The Apple iPhone 4S has Siri, iCloud, iMessage and plenty of other native features which compete with what you get out of the box with Windows Phone, if not directly in terms of function, then definitely by virtue of them being value added features.

The HTC Titan, which comes with 16GB of internal storage and an 8-megapixel camera with a low-light sensor can be had free on Vodafone contracts via Carphone Warehouse for £26 a month. This gives you 300 minutes, unlimited texts and 500MB of data.

An iPhone 4S (16GB, 8-megapixel camera with a low-light sensor) from Vodafone directly on the same contract – 300 minutes, unlimited texts, 500MB of data – will see you paying £31 a month and £199 for the phone itself.

At the end of the 24 month contract, you’d be saving £319 if you went for the HTC Titan. If we’re comparing OS’s based on features against cost here, then it looks like Windows Phone offers great value for money.

Windows Phones are polished products and as such command a high price. You get what you pay for.

Arguably the high price comes from the stringent minimum required spec for Windows Phones, which dictates that a phone needs a 1GHz CPU, 512MB of RAM and needs at least 8GB of storage, amongst other criteria.
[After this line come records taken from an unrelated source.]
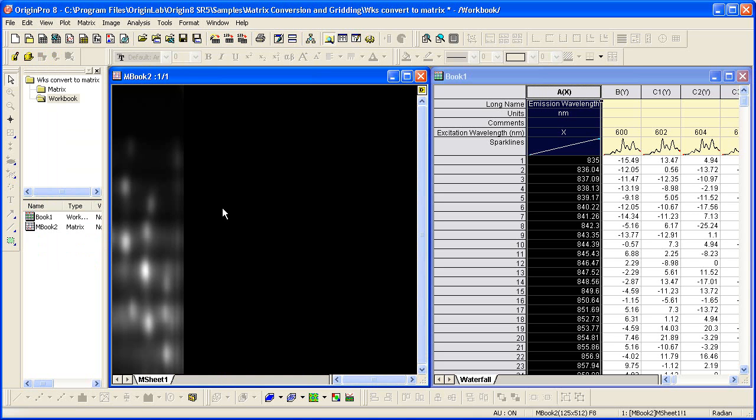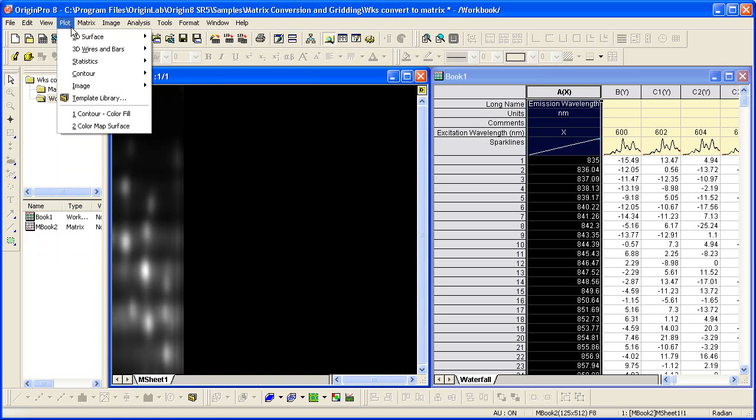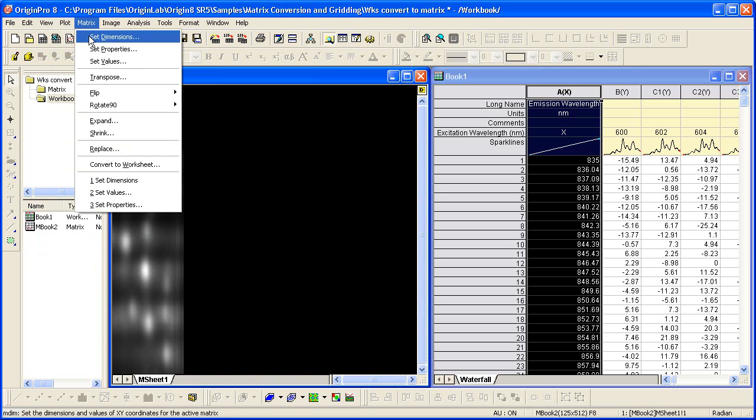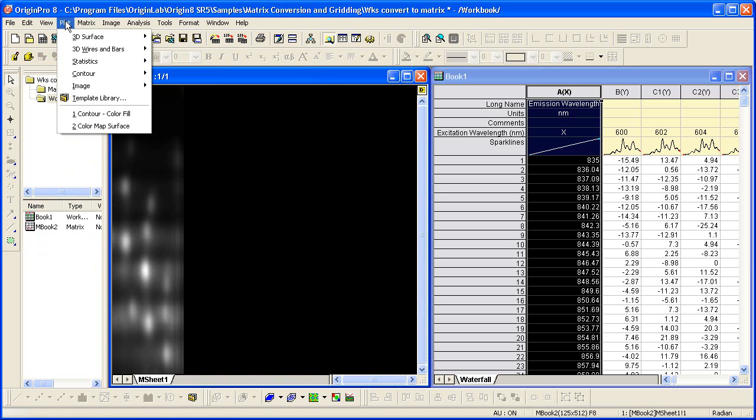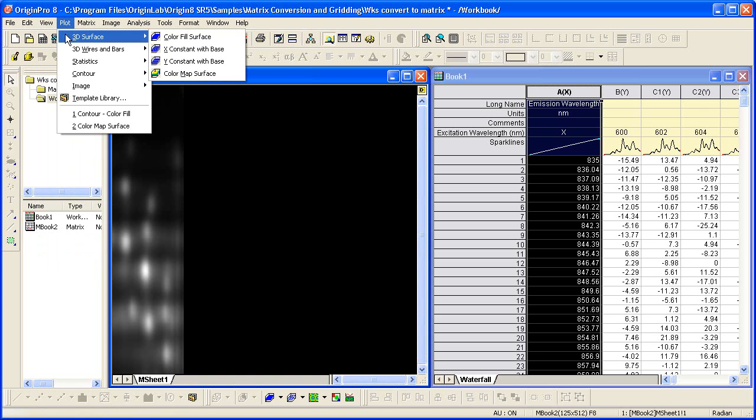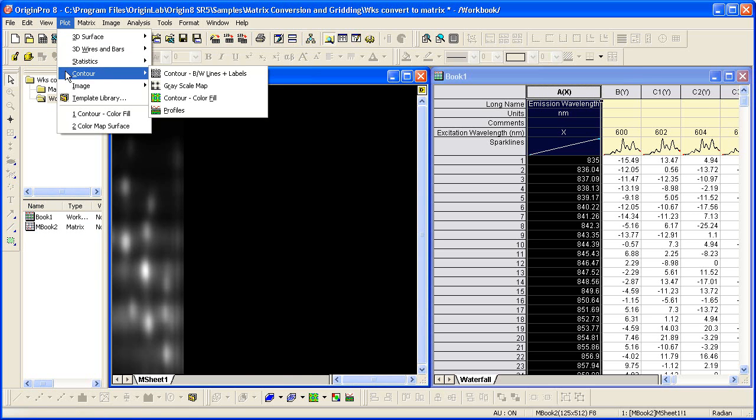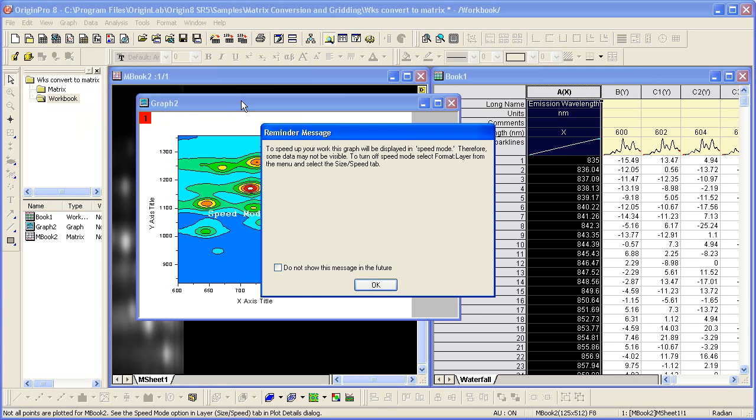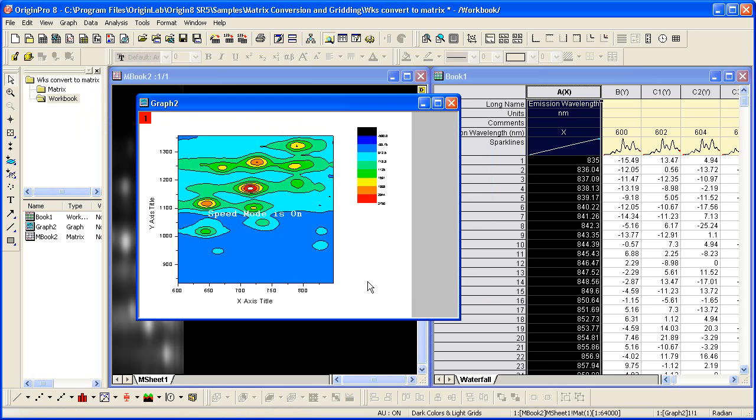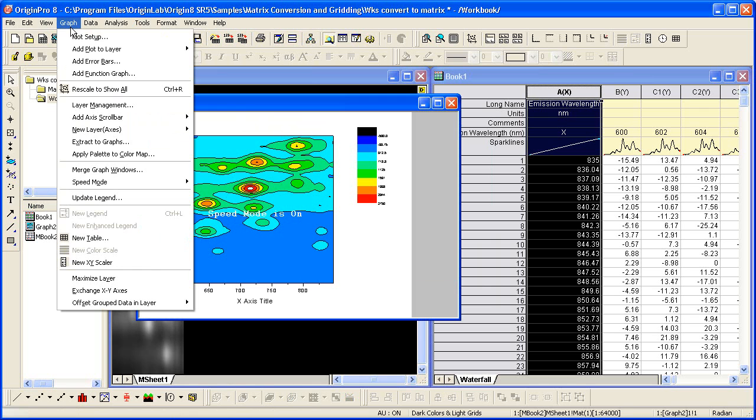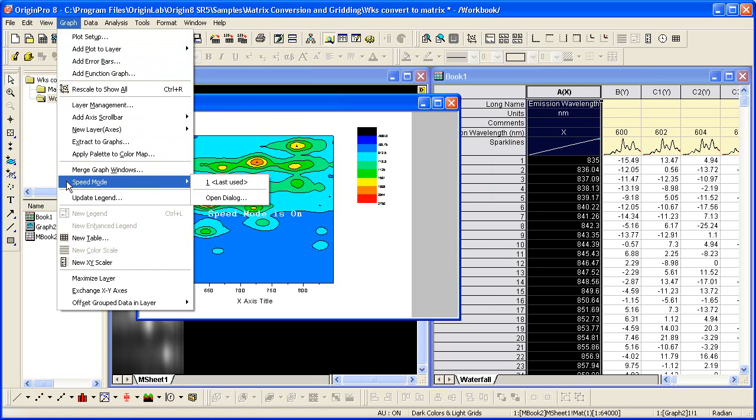To create a 3D plot from our matrix, we simply select the plot menu. The 3D surface plots are available, as well as contour plots. Let's go ahead and do a contour color fill. The reminder message is telling us about speed mode. From the graph menu, I can turn speed mode off to display all the points.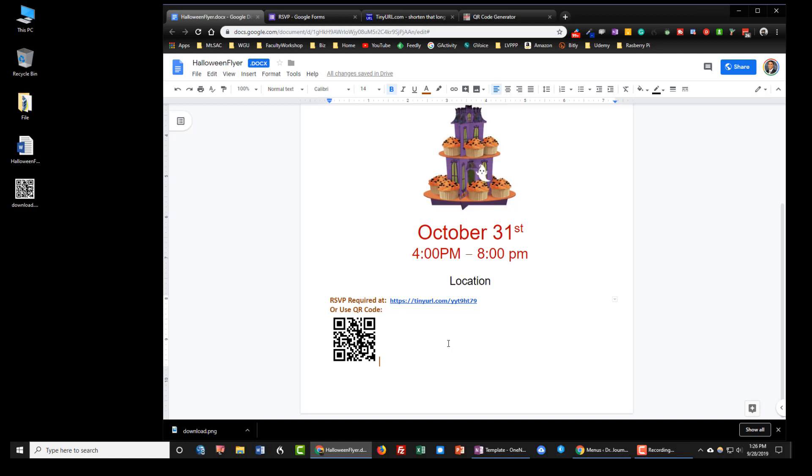And that is how you create a QR code that will link to a Google form. If you found this video useful please give it a thumbs up and subscribe to the channel to be notified as soon as we release another video. If there's something specific that you would like to learn please post your request below this video in the comment section. Thank you for watching.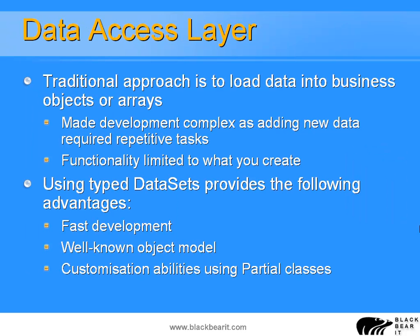The first thing we need to create is a data access layer. Now traditionally this would often be done by creating business objects or an array of business objects. There were advantages and disadvantages of this. The advantages were that you could do anything you like there, you could make very complex systems.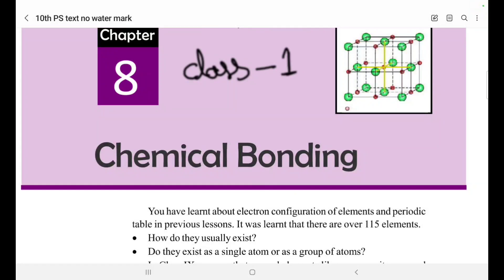Class English Medium, Chapter No. 8, 10th Class, Chemical Bonding. Class No. 1, Introduction class.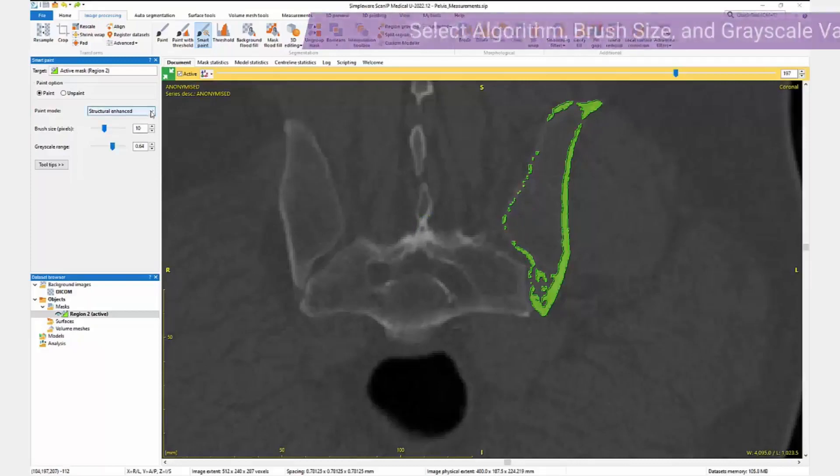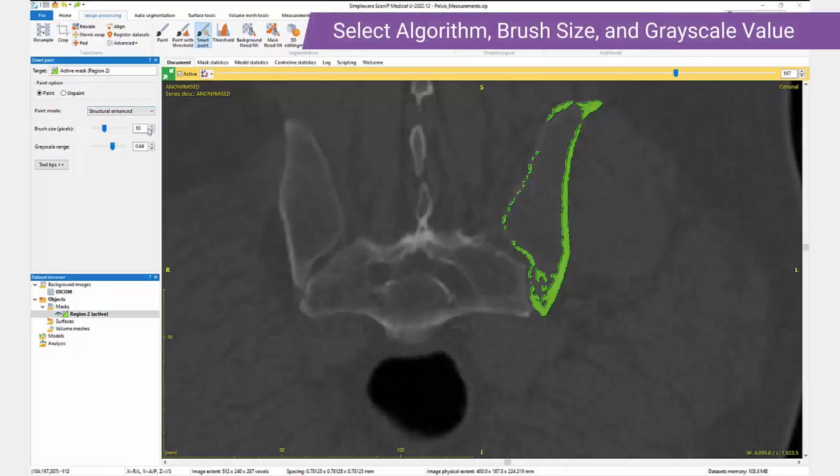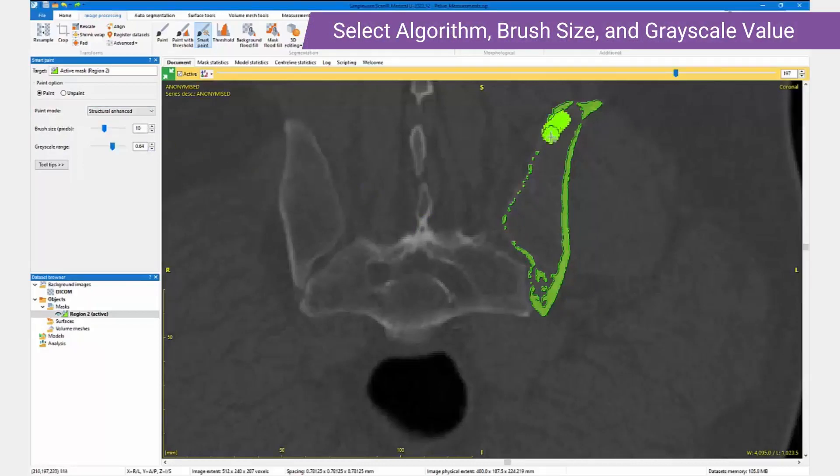We select an algorithm, a three-dimensional brush size, and a grayscale value to aid the separation of the foreground and background, and we paint in the active slice view.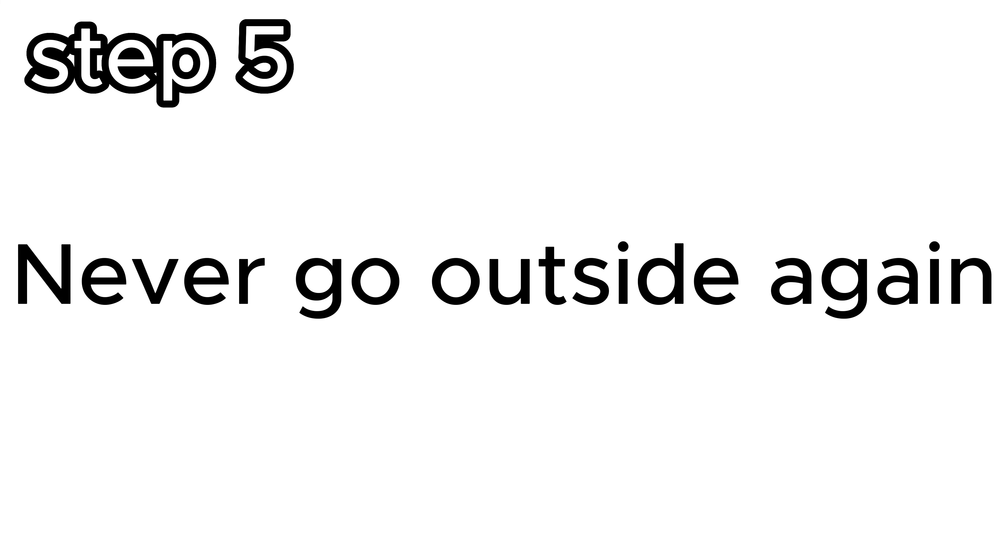Step 5. This is probably the most important step. Never go outside again and never touch grass. Because if you touch grass or go outside you might return to human and you don't want that.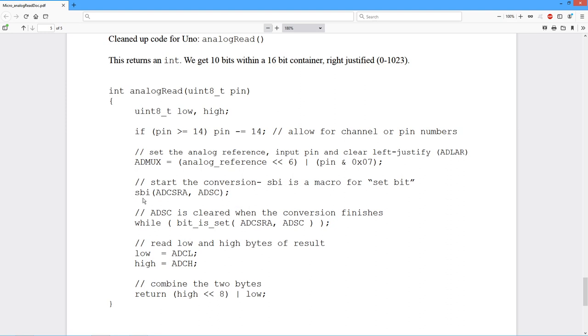So SBI is a macro, and this reduces to a single machine language instruction. And it's just basically a set bit. So it sets ADSC, which is start conversion, in the control and status register. Now what? We have to wait for the conversion to finish. So we just have a while loop here.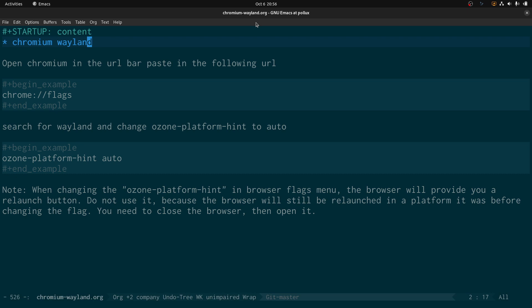There's an option to do Wayland as well, but I think I read somewhere that the preferred way of doing it is just to set it to auto. Then once you've done that, you'll see a big relaunch button at the bottom right of the screen. Don't click that button because that will just launch Chromium back into xWayland. What you need to do is just close the window and then reopen Chromium and it will be running under Wayland. So that's all you need to do, takes less than a minute.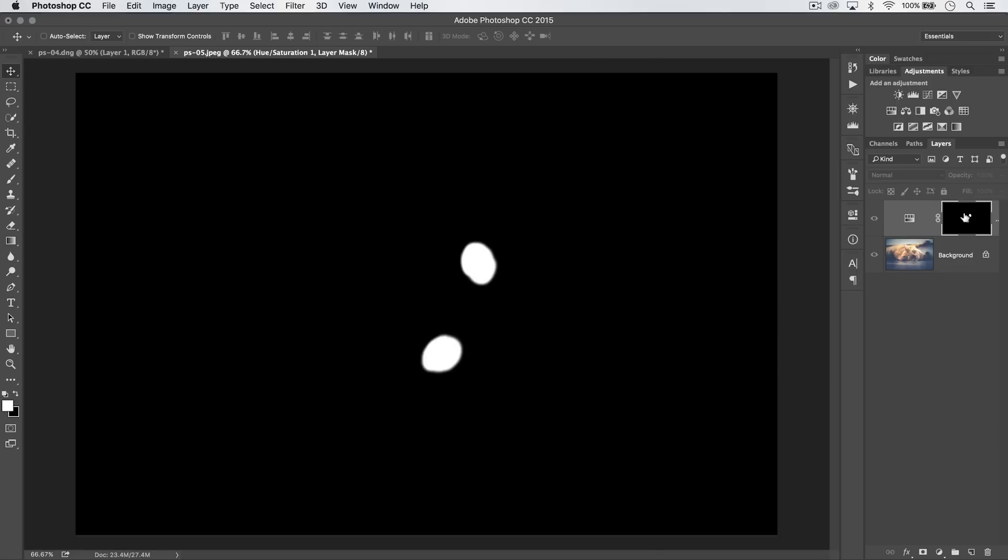Go in here, jump into the alpha channel and just make sure all of that area is painted white after you've obviously made the very fine edge selections.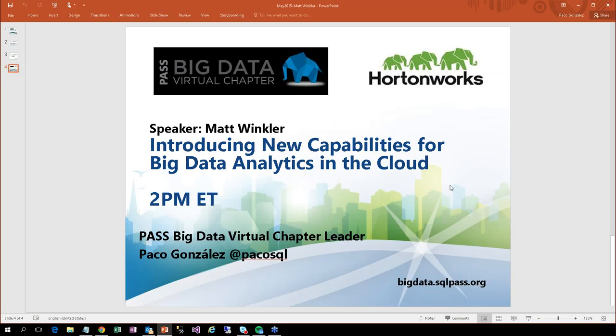We will answer questions at the end of this meeting, so let's start with new capabilities for Big Data Analytics in the cloud. Matt Winkler, our speaker today, is a program manager for HD Insight. So Matt, you can start now.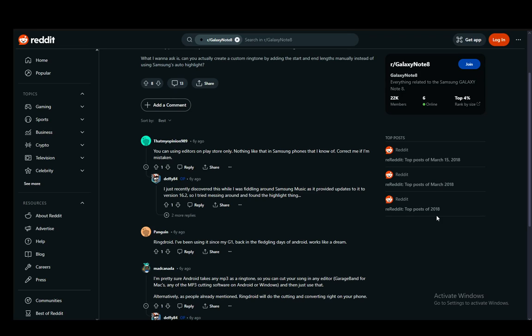Now, as you can see, this person also says that you can only use editors on the Play Store and use them to create custom snippets, since Samsung Music does not support it. It differs between people, but yeah, that is pretty much it.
For Android the bar is much lower; 128MB of RAM, 256MB flash memory memory and a 2-megapixel camera. Of course most Android phones these days are way and above that very low minimum. But this low bar of entry means that there can be many cheap Android phones manufactured for much less than your average Windows Phone. The metrics of such an argument are stacked in favour of Android.

So why aren’t more people buying them? Price can’t be a barrier, as it doesn’t explain why people continue to buy iPhones in the millions every year.

I think one reason why Windows Phone phones aren’t selling as much right now comes down to a number of reasons, one being age. The platform hasn’t been around nearly as long as Android, iOS let alone BlackBerry. It’s still a relative newcomer in the market.

I think another reason why it’s not selling well compared to the other platforms is also due to volume. You can (just about) count the number of Windows Phone phones being sold by the UK networks right now on one hand. You couldn’t say the same about Android phones.

If Windows Phone Tango succeeds in bringing the minimum spec requirements for the software down, as it appears to be doing, then we ought to see the price dropping accordingly and hopefully, more Windows Phones on shelves. Even without Tango lowering the bar I think this would happen anyway.

Earlier this week, Samsung announced the Galaxy S Advance, a 1GHz dual-core Android phone that’s being priced and pitched as an affordable mid-range option. A 1GHz dual-core Android phone – mid-range.

This time last year the Galaxy S Advance would have passed for high-end in the Android world. Nowadays it all about the quad-core chips as the likes of the HTC Edge and Samsung Galaxy S3 are expected to pack.

Suddenly that 1GHz single core barrier to entry of Windows Phone doesn’t seem so high.